Okay, yesterday, Tuesday, I thought I could run around all day doing things,
go to happy hour at my favorite Waikiki bar and restaurant, the Hideout at the Laylow,
have two excellent mai tais and an appetizer for dinner,
and return to our apartment at the Royal Kuhio to pound out my IWSG post in short order.
And this after an exhausting Monday night with little sleep. 
Yeah, right ~ I had fallen victim to self-delusion yet again. 


Mai Tai for Me (left) and Longboard beer for Terry (right)
The Hideout at the Laylow
Honolulu, Hawaii, USA
February 24, 2022
© M. Louise (MacBeath) Barbour/Fundy Blue
All Rights Reserved


I went to bed early on Monday night, planning on a good sleep to power through Tuesday.
All of a sudden I was awakened by white strobe lights outside my open window
and a loud garbled announcement.

I looked out the window and heard echoing off the nearby high-rises,
"Attention!  May I have your attention?
There is a fire emergency in the building!
Please evacuate the building!"

I couldn't tell which building it was coming from, 
because the announcement filled the space between the buildings.
And I couldn't see or hear any police cars or fire engines.

"Do not use the elevator!
Go to the nearest exit and walk down the stairs!
Attention, May I have ...!"

I ran into our little living room area and told Terry to mute the tv.
"Are you hearing this?"

"Attention, May I have ...!"

We looked out in the hall, saw the strobe lights, 
heard the very loud, repeating message, and realized it was our building.

"Is this real?" we asked each other,
only because we knew that the Royal Kuhio was in the middle
of a month-long renovation of its fire alarm and smoke detector system.

We ran to our balcony and looked down.
Twenty-eight stories is a long way down!


Looking Down Twenty-eight Stories at Royal Hawaiian Avenue
Royal Kuhio
Honolulu, Hawaii, USA
February 24, 2022
© M. Louise (MacBeath) Barbour/Fundy Blue
All Rights Reserved



We looked out in the hall again and saw people going to the stairway. 
"Okay, maybe it is real," we said to each other.

I jumped into my clothes,
and we grabbed our money, passports and other identification,
vaccination cards, iPhones, and my computer.
We started down the stairwell, smelling smoke.
It was impossible not to think of the twin towers in New York
or of the brave Ukrainians under fire for the Russians.
Down, down.  Around and around.

Finally, we walked out onto the sidewalk by Kuhio Avenue,
where dozens and dozens of residents were milling around and one fire truck stood.
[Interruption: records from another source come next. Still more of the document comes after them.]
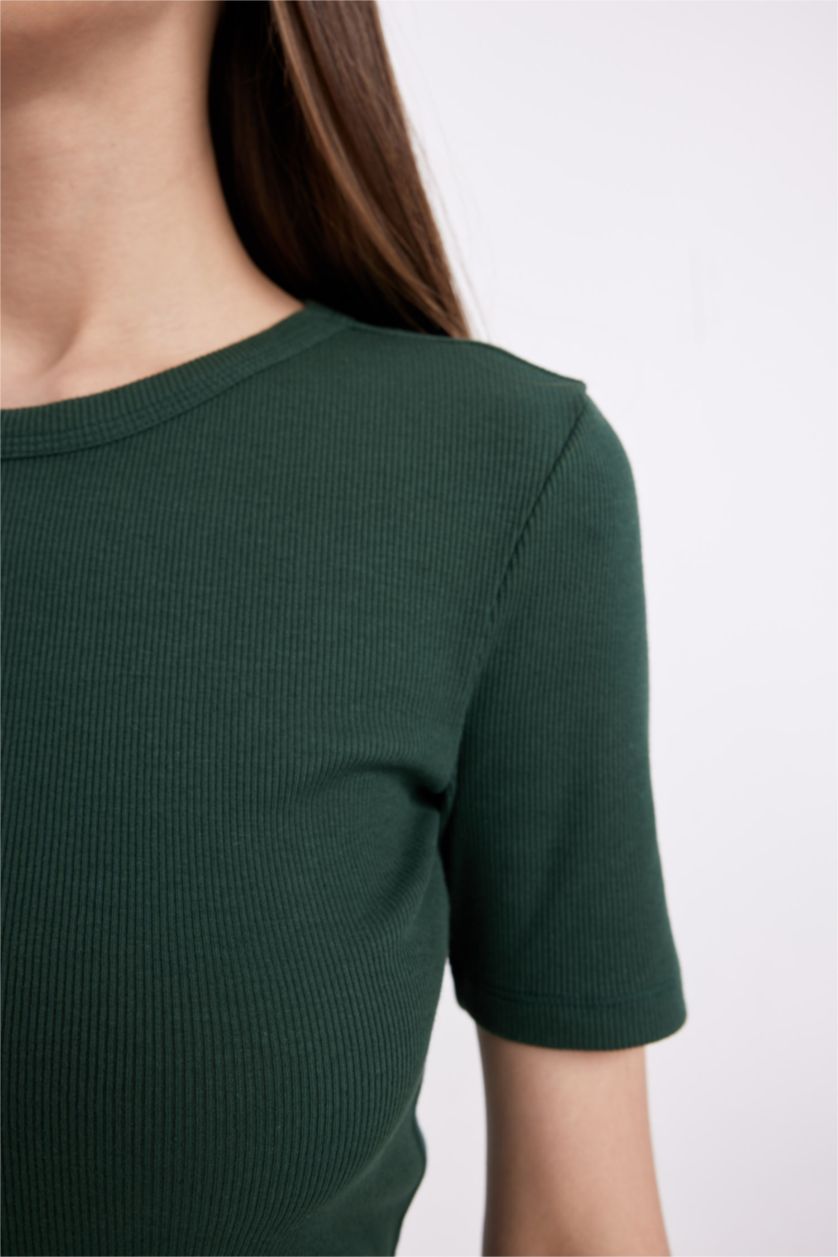 Kadın Yeşil Slim Fit Dar Kesim Bisiklet Yaka Fitilli Kaşkorse Basic Düz Kısa Kollu Tişört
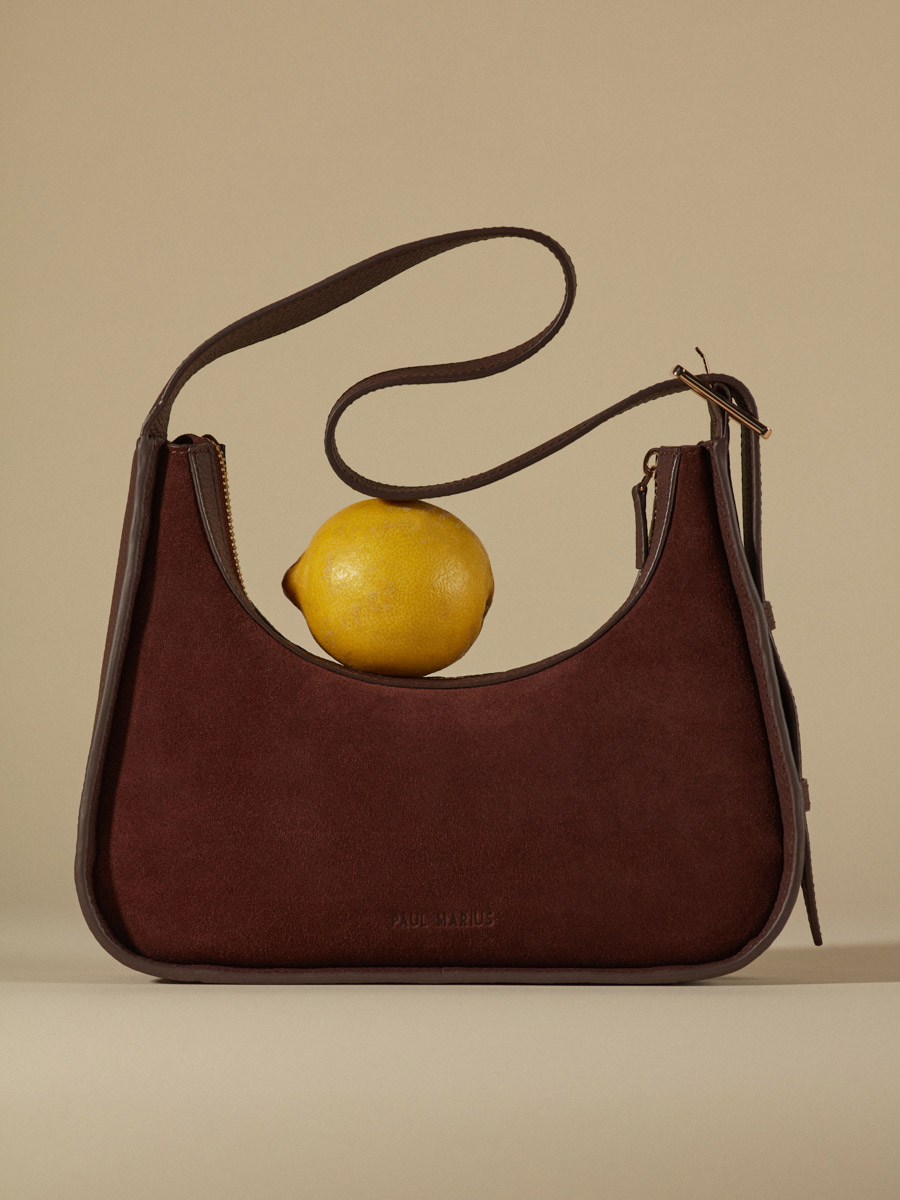 baguette-bag-brown-leather-victoire-chocolate-focus-material-view-w54-su-db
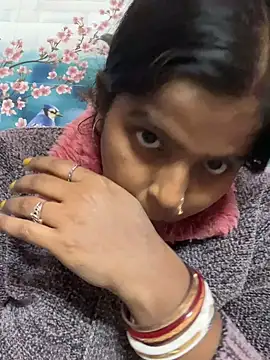 Snapshot of Beauty-queen chatting on January 2025 01:37:02 PM Beauty-queen online show from January 2025 01:37:02 PM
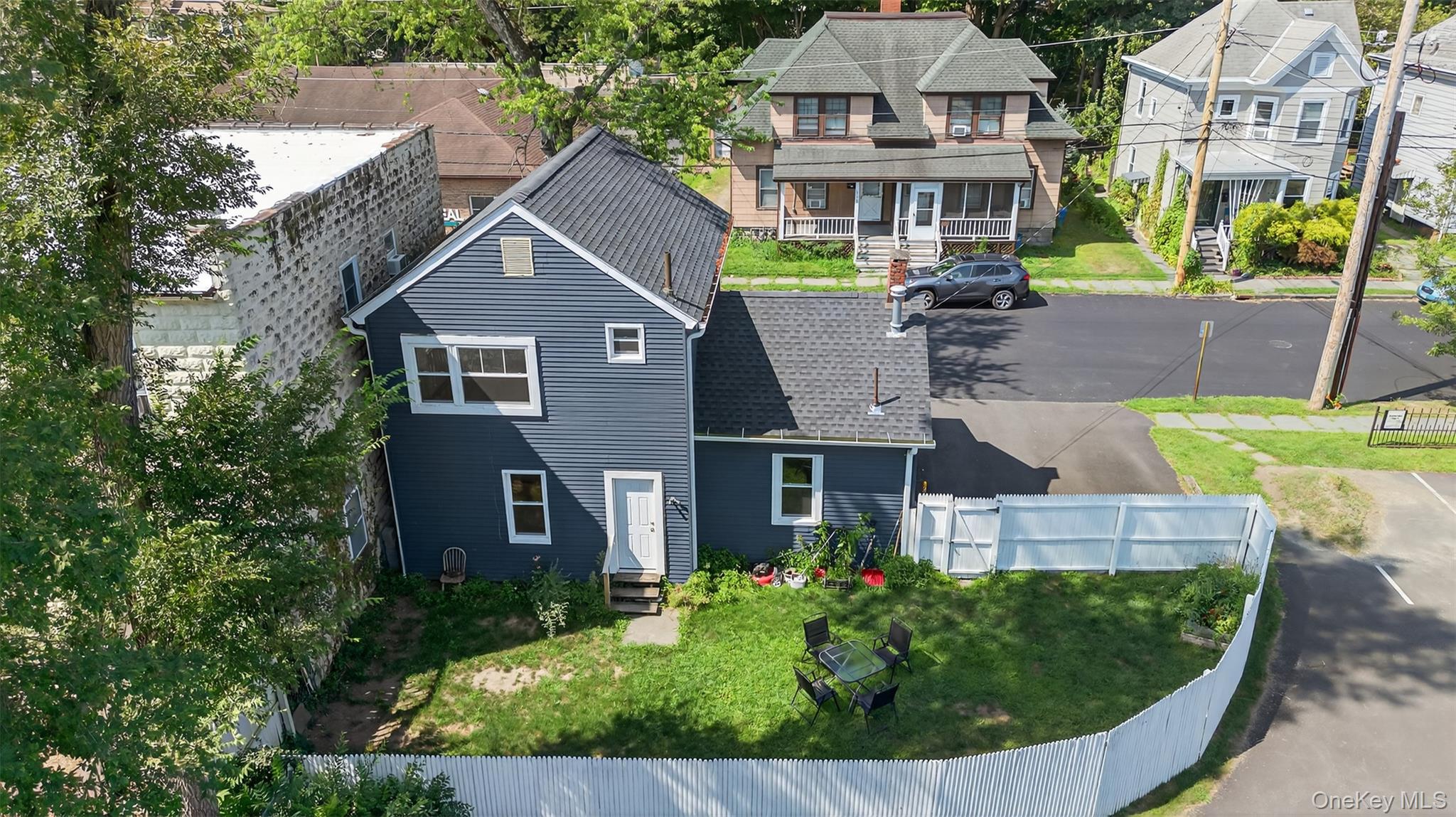 Kingston, New York 12401, United States, 2 Bedrooms Bedrooms, ,1 BathroomBathrooms,Residential,Active,191729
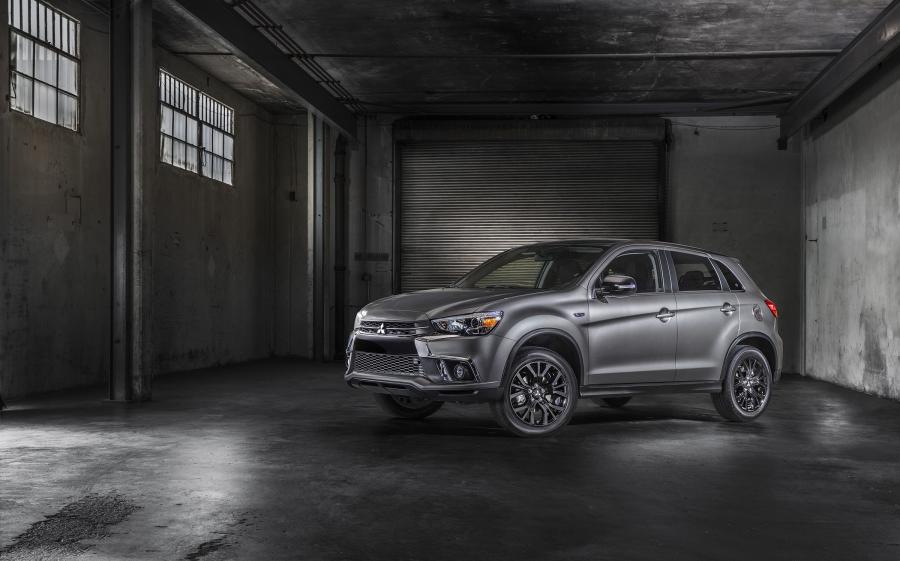  Mitsubishi Outlander Sport Limited Edition 2018 года  (фото 3 из 4)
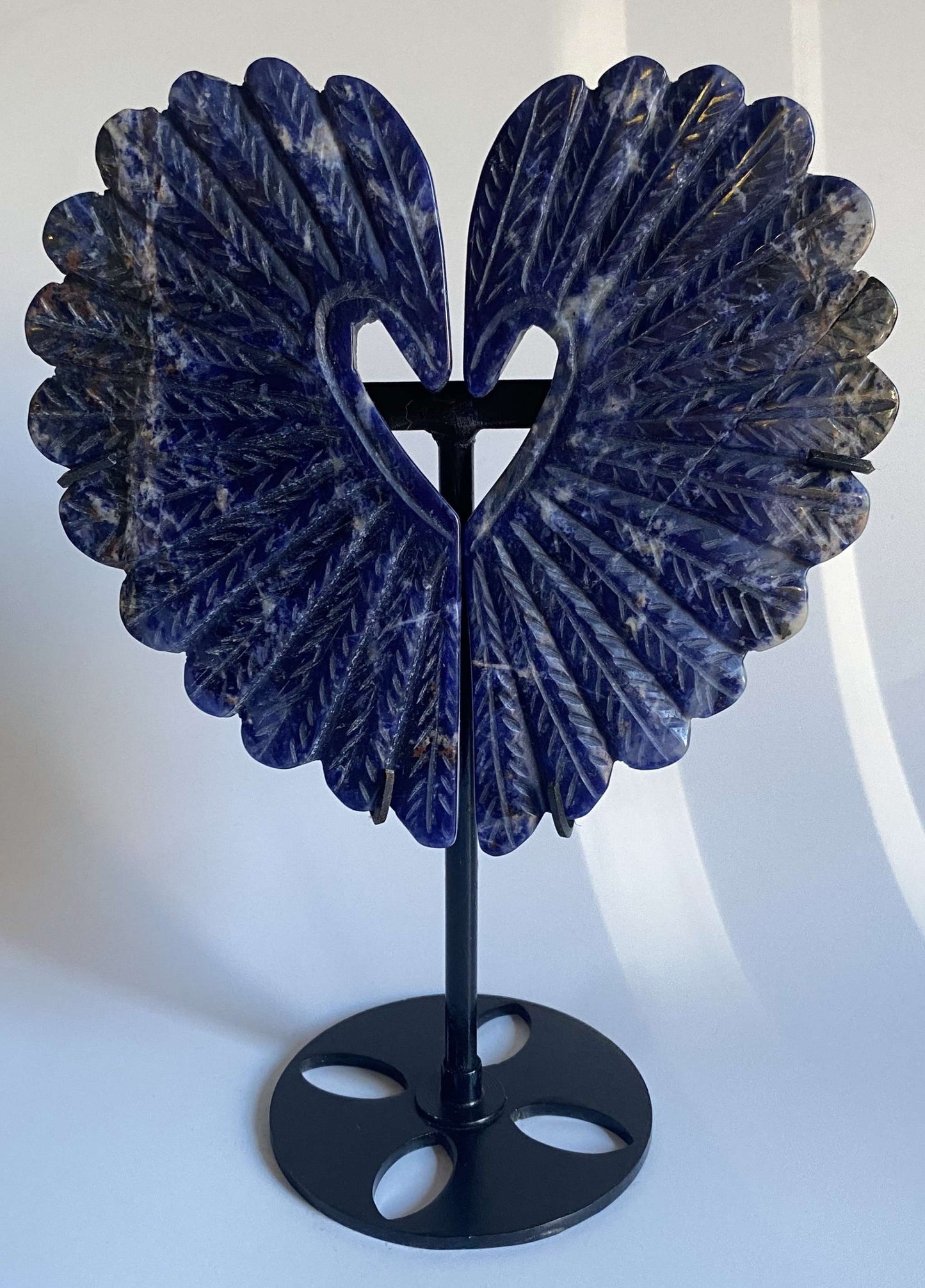 Sculptura inima din sodalit pe suport metalic decorativ piatra semipretioasa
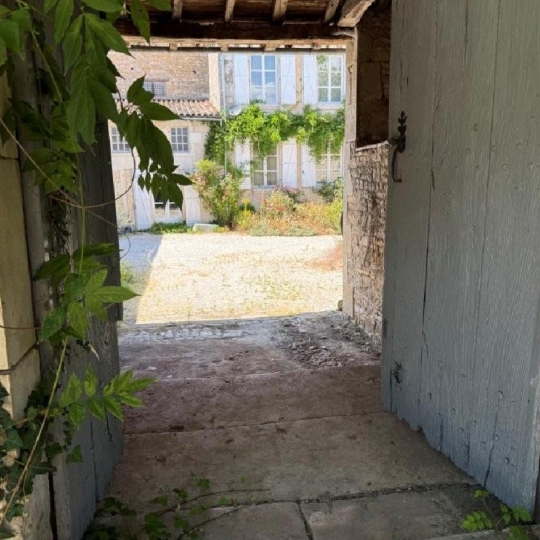  AGENCE TIC RUFFEC : Maison / Villa | CHAMPAGNE-MOUTON (16350) | 320 m2 | 347 360 &euro; 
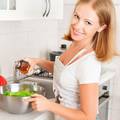 Kućanski trikovi: Ribež ćete lakše oprati uz ulje i krumpir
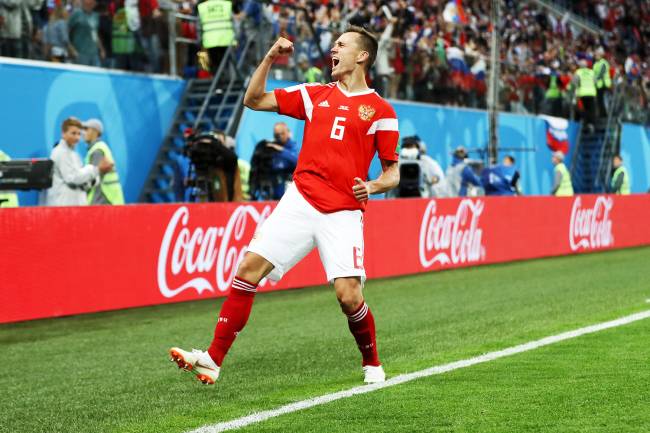 Denis Cheryshev comemora após marcar o segundo gol da Rússia, durante partida contra o Egito, válida pelo grupo A da Copa do Mundo - 19/06/2018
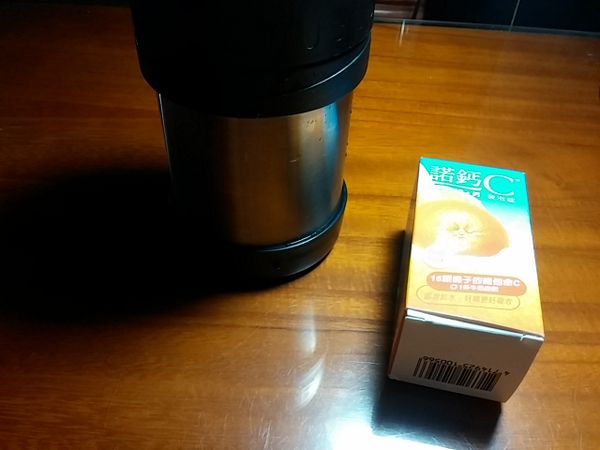 紅棗和枸杞放入保溫杯中, 注入熱水, 封蓋後稍等一下吧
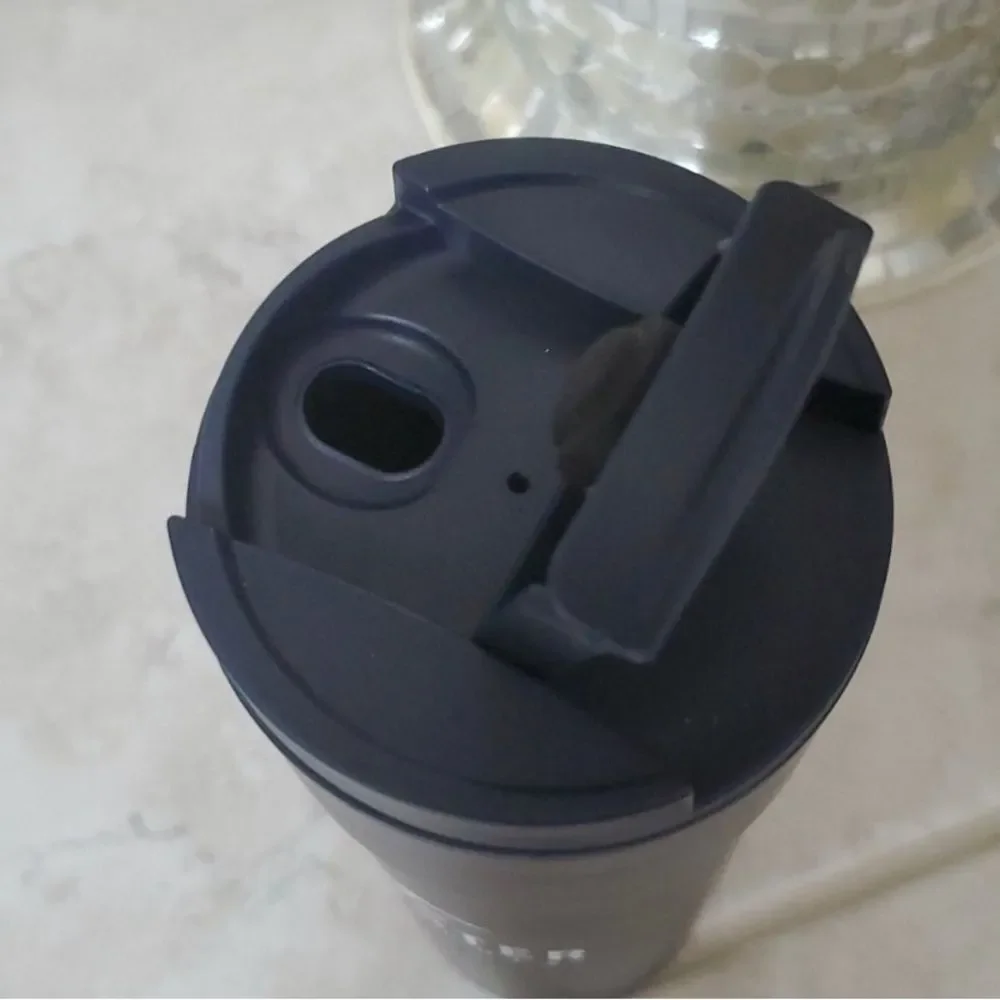 🇺🇸 HOLLISTER TRAVEL MUG 🇺🇸 - Picture 2 of 3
The Lone Fire Truck and Milling Residents
Royal Kuhio
Honolulu, Hawaii, USA
February 28, 2022
© M. Louise (MacBeath) Barbour/Fundy Blue
All Rights Reserved


No one knew what was going on, 
except that there was bad smoke somewhere above the 32nd or 33rd floor.
After ten or fifteen minutes the fire truck drove away, and we were given the all clear.
It took a while for well over one hundred residents 
to take the elevators back to their floors.
I fell into bed and sleep quickly.

Suddenly, a loud, raspy, discordant voice jarred me awake.
3:37 am. 
That !@#$%^ rooster!
I want to wring his scrawny neck!

Yes, we are renting an apartment among many apartment/condo/hotel high-rises
in an urban area which has feral chickens.
Feral chickens roam the Hawaiian islands and are becoming more and more numerous.

"Cock-a-Doodle-Doo!" ricocheted over Royal Hawaiian Avenue.
Not a melodious crowing, but a strained, ugly, squawking of a crowing.
This rooster sounded old and battle-worn, 
like the scarred surviver of too many cock fights.

He wants everyone to know he is still here
and sounds off repeatedly every morning around 3:30 am
and continues until dawn arrives and the Honolulu traffic starts up.

He hangs out with his harem in a green space by our building,
but ranges and struts throughout a wide territory,
venturing into other areas and challenging any other rooster to stop him.
I call him Putin.


A Feral Rooster and Hen Outside the Honolulu Zoo
Honolulu, Hawaii, USA
February 28, 2022
© M. Louise (MacBeath) Barbour/Fundy Blue
All Rights Reserved



I think he may have an inferiority complex.
Kamaʻāina, or locals, tell me that there was a beautiful, golden-breasted rooster
who lived along Kuhio Avenue near our building for years.
Everyone loved him and remembers him fondly.
Then he vanished one day, presumably eaten by something.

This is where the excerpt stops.